(EXERCISE MATERIALS Opens)

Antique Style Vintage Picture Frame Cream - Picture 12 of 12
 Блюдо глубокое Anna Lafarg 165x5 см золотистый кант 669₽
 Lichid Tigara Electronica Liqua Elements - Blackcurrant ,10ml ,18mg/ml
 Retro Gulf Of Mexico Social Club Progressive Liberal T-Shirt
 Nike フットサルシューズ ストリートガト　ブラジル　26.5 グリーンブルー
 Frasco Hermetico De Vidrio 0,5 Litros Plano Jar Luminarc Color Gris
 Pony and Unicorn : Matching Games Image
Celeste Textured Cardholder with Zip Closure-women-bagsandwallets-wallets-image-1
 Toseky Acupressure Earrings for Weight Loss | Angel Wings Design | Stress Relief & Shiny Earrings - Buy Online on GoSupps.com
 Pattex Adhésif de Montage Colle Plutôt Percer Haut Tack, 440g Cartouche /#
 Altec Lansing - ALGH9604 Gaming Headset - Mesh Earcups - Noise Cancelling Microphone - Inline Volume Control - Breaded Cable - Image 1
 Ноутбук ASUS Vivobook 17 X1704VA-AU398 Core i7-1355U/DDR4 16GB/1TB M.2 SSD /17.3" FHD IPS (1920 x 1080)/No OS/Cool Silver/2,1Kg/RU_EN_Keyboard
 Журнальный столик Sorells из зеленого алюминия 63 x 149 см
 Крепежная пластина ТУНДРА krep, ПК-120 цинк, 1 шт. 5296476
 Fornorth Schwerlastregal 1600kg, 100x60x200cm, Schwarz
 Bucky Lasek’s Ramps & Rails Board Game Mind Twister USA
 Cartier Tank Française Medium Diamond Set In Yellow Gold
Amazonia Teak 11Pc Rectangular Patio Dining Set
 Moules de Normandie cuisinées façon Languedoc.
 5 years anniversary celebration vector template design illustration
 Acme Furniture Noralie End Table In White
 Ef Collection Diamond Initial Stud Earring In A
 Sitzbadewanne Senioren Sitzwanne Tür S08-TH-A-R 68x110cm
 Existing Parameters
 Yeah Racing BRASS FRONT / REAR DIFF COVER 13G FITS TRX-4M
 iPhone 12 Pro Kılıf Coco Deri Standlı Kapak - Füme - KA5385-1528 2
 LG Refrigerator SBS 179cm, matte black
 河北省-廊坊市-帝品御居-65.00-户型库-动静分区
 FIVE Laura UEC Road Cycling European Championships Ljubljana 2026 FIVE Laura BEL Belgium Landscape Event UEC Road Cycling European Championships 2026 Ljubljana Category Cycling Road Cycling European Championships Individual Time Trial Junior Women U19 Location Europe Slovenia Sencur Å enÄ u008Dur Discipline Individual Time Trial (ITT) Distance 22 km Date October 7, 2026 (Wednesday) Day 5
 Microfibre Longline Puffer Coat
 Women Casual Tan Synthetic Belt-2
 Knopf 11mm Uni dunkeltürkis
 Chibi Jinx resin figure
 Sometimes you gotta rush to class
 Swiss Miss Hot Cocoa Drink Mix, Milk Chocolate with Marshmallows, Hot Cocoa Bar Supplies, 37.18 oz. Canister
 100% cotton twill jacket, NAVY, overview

(EXERCISE MATERIALS Closes)

Look above for the line with "Bucky Lasek’s Ramps" and the line with "Yeah Racing BRASS". Retype those two lines and every line between them exactly, adding nothing.

→ ANSWER AREA
 Bucky Lasek’s Ramps & Rails Board Game Mind Twister USA
 Cartier Tank Française Medium Diamond Set In Yellow Gold
Amazonia Teak 11Pc Rectangular Patio Dining Set
 Moules de Normandie cuisinées façon Languedoc.
 5 years anniversary celebration vector template design illustration
 Acme Furniture Noralie End Table In White
 Ef Collection Diamond Initial Stud Earring In A
 Sitzbadewanne Senioren Sitzwanne Tür S08-TH-A-R 68x110cm
 Existing Parameters
 Yeah Racing BRASS FRONT / REAR DIFF COVER 13G FITS TRX-4M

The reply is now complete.